Considerations on embedding the new standard contractual clauses in IT contracts

Authors: Heidi Waem and Nicolas Becker

On 4 June 2021, the European Commission released the final version of the new Standard Contractual Clauses (new SCCs) (see our blogpost here).

This new set of clauses was launched in the aftermath of the CJEU’s Schrems II decision and includes specific wording to address certain concerns raised by the CJEU.

Before Schrems II, the “old” SCCs were routinely included in IT contracts without actually considering thoroughly the interplay between those old SCCs and the IT agreement as such, for example, in case of suspension or termination of the data transfers, as such suspension or termination did not happen in practice.

However, since Schrems II and the uptake in enforcement regarding data transfers,[1] using the new SCCs requires careful consideration as, for example, the suspension or termination of a data transfer is no longer a mere theoretical situation.

We discuss below a number of elements that require appropriate consideration.
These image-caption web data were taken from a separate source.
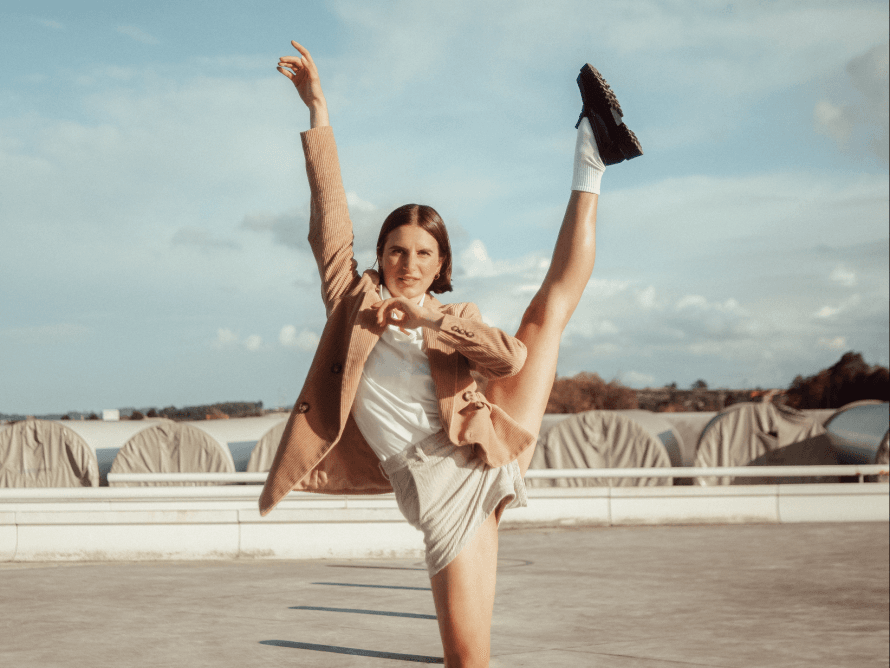 Silvia Bango. Voilà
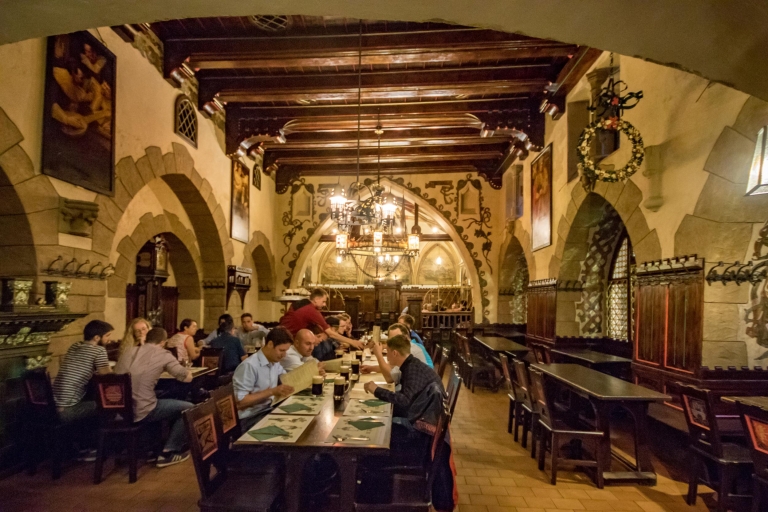 Praga: Tour legendario de cerveza con cena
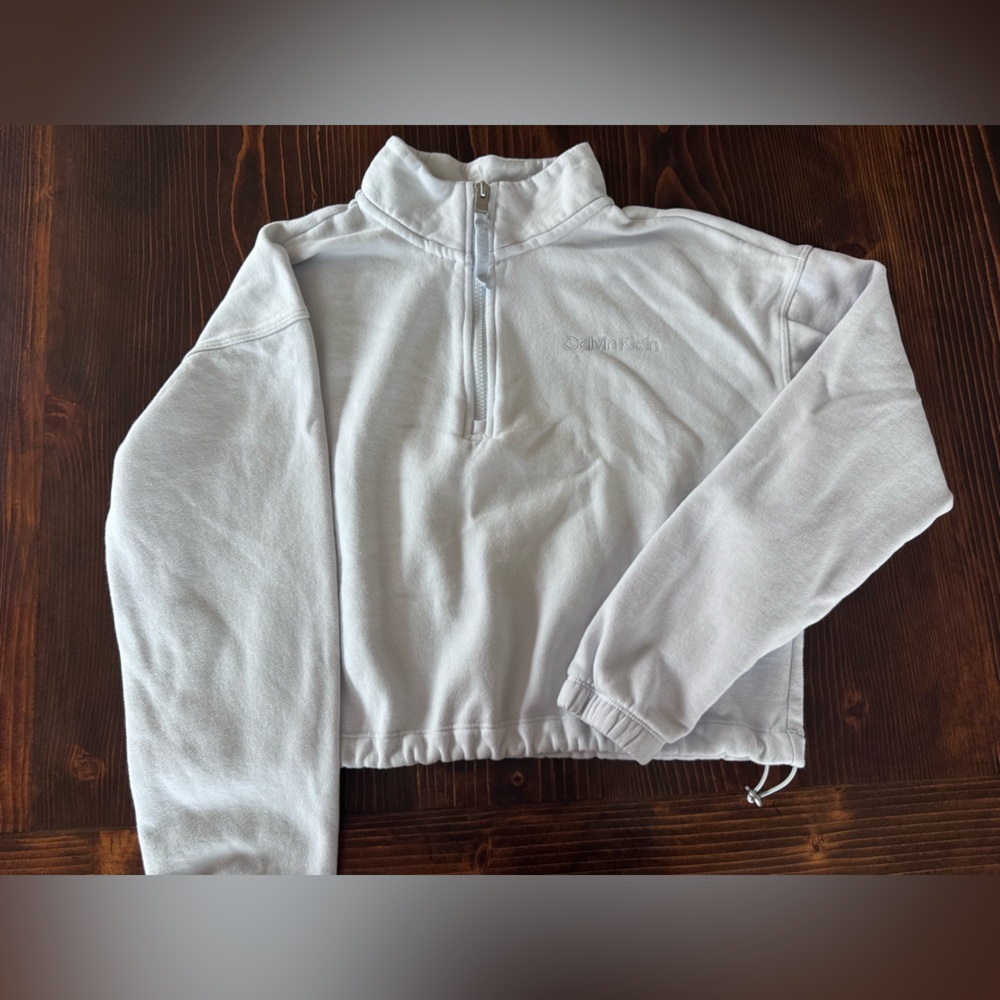 Calvin Klein medium Juiniors crop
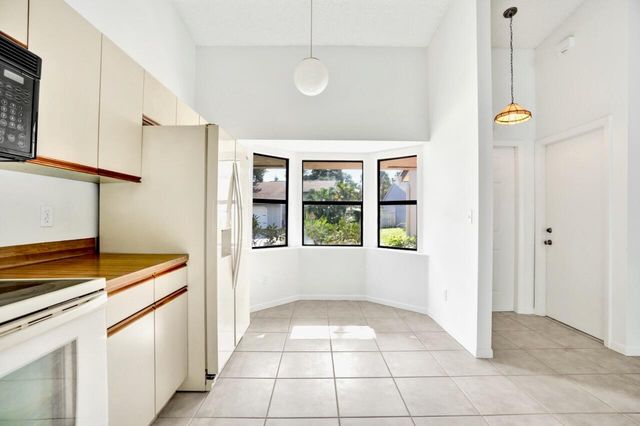 32 Buxton Lane, Boynton Beach, FL 33426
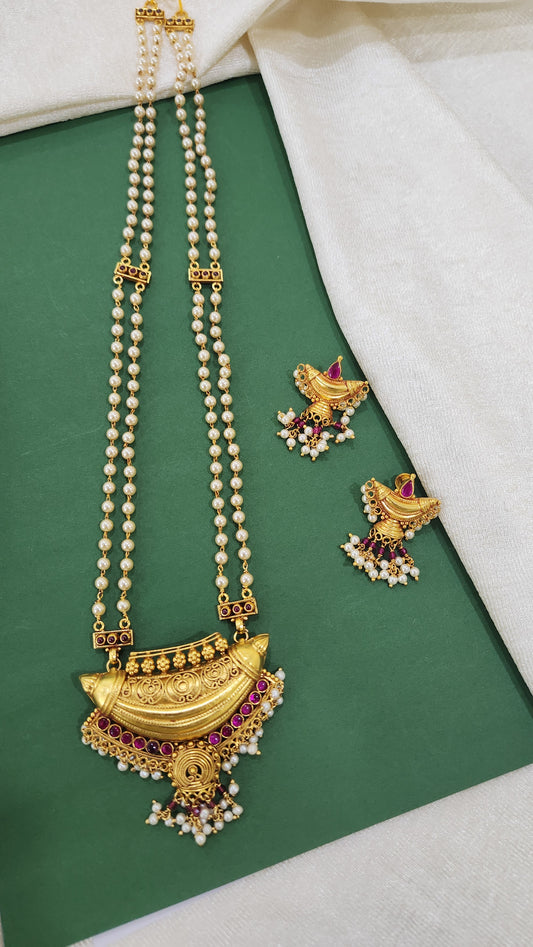 Pearls Coorgi Style Pendant Haram set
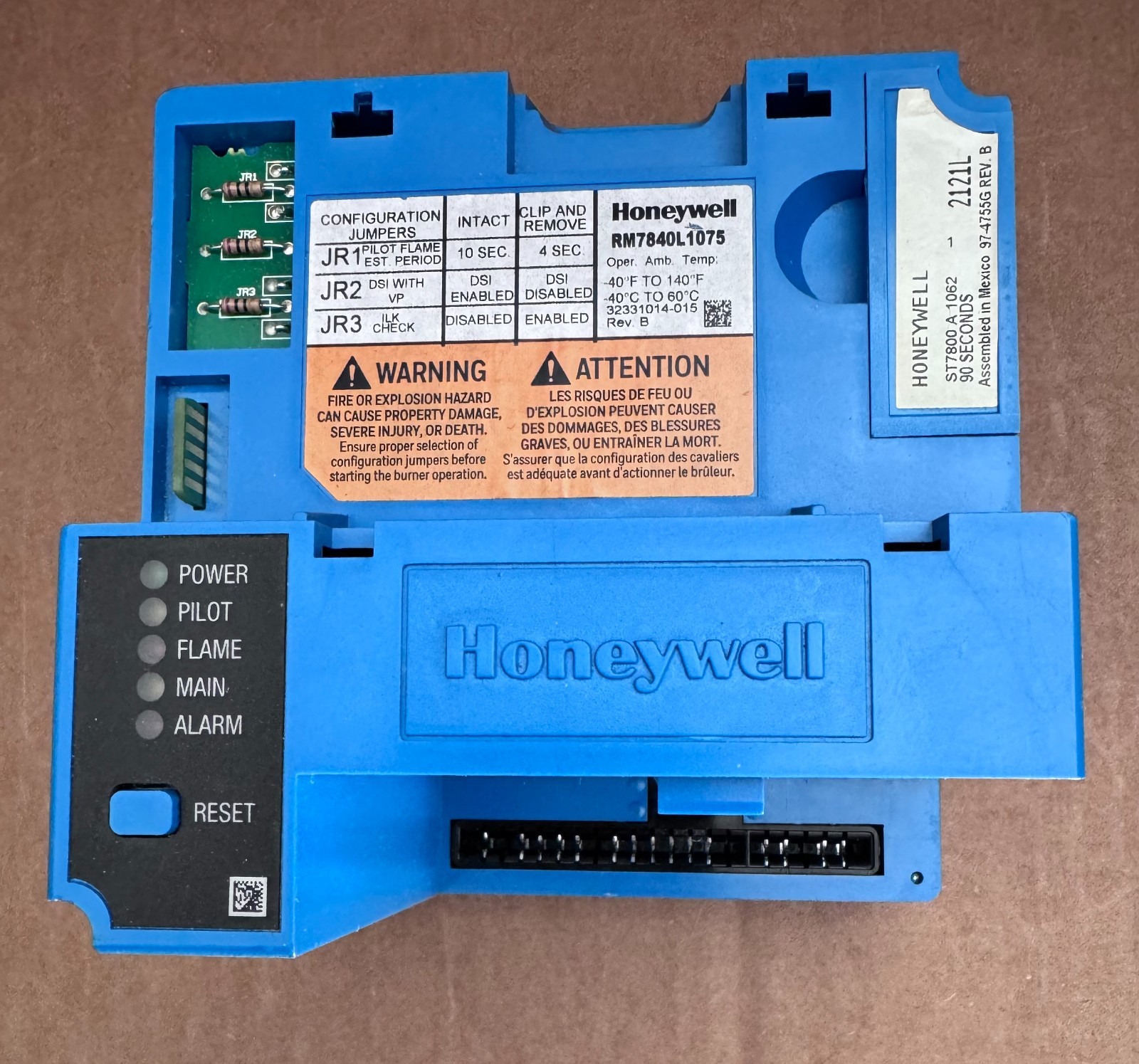 *NEW* Honeywell RM7840L1075 Automatic Programming Burner Control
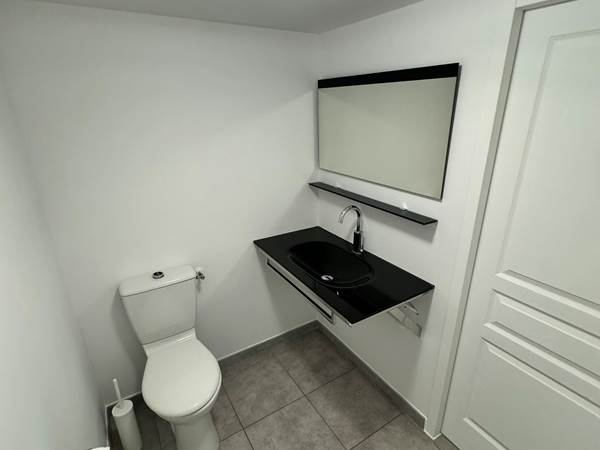 toilettes-accessibles-salle-confluence-angle.jpg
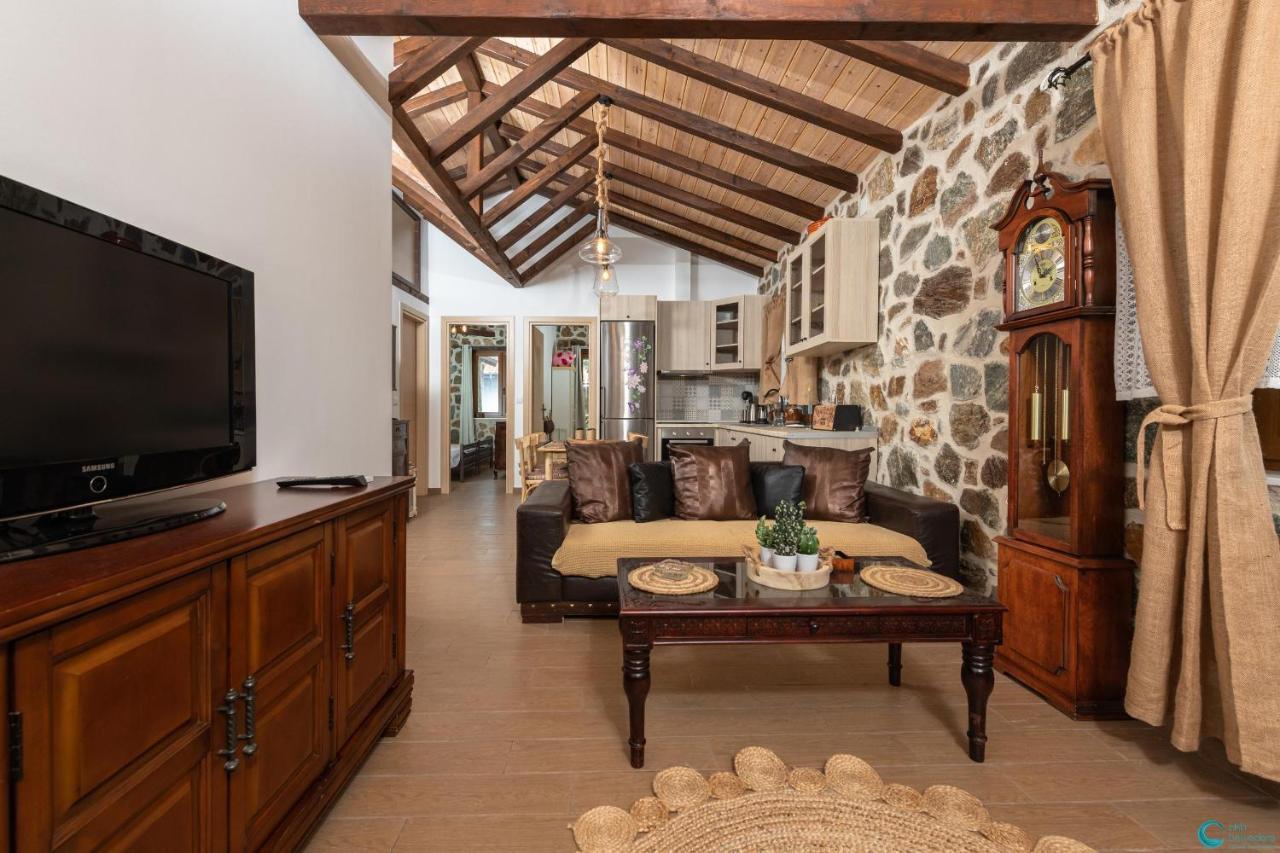 Вилла Eleni'S Stone House Скала-Потамиас Экстерьер фото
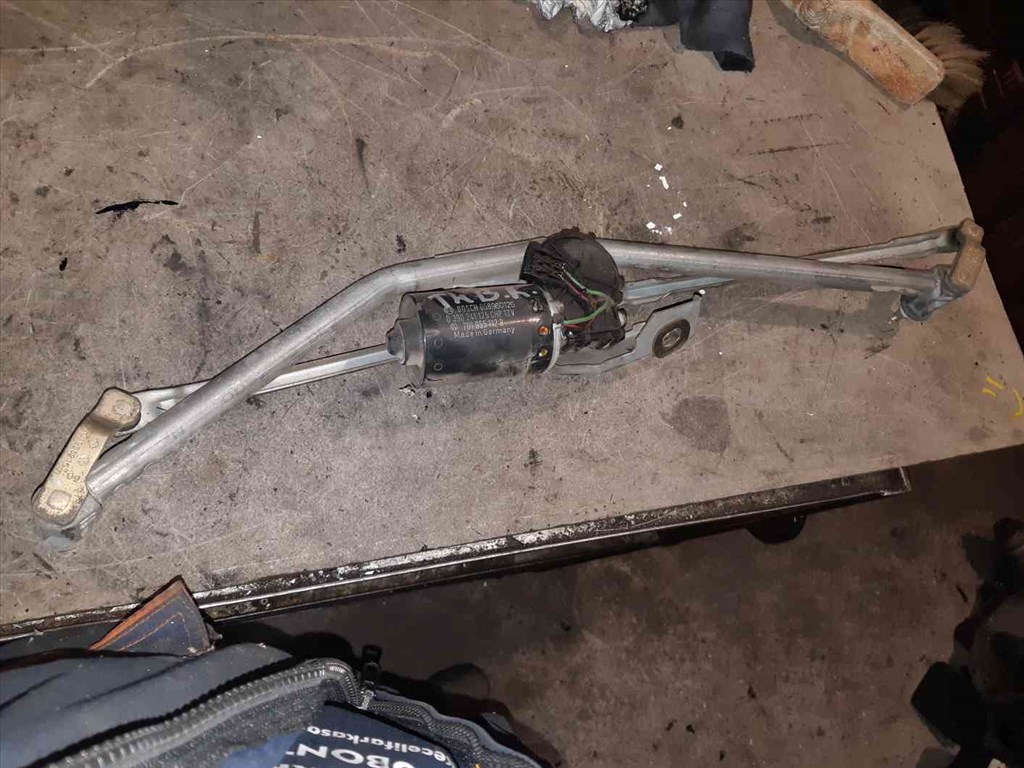 Volkswagen Transporter T4 91-03 Elsõ Ablaktörlõ Motor ቛõ Ablaktörlõ Mechanika 0 390 241 125 2. kép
Mandatory data transfer assessment before conclusion of the new SCCs

Under article 14 (a) of the new SCCs, parties warrant that they have no reason to believe that the laws and practices in the third country applicable to the processing of personal data by the importer, including any requirements to disclose personal data or measures authorising access by public authorities, prevent the data importer from fulfilling its obligations under the SCCs.

In providing the warranty, parties declare that they have duly assessed the data transfer taking into account the following elements (article 14 (b)):

  • the specific circumstances of the transfer, the intended onward transfers, the type of recipient, the purpose of processing, the categories and format of the transferred personal data, the economic sector in which the transfer occurs, the storage location of the data transferred;
  • the laws and practices of the third country of destination, including those requiring the disclosure of data to public authorities or authorising access by such authorities – relevant in light of the specific circumstances of the transfers and the applicable limitations and safeguards; and
  • any relevant contractual, technical or organisational safeguards put in place to supplement the safeguards under the new SCCs.

Furthermore, the data importer warrants that it has made its best efforts to provide the data exporter with relevant information (article 14 (c)).

The assessment must be documented and provided to the competent supervisory authority on request.

With this clause, the SCCs formalize the EDPB’s recommendation to perform a data transfer assessment before transferring personal data to a third country that does not provide for an adequate level of protection.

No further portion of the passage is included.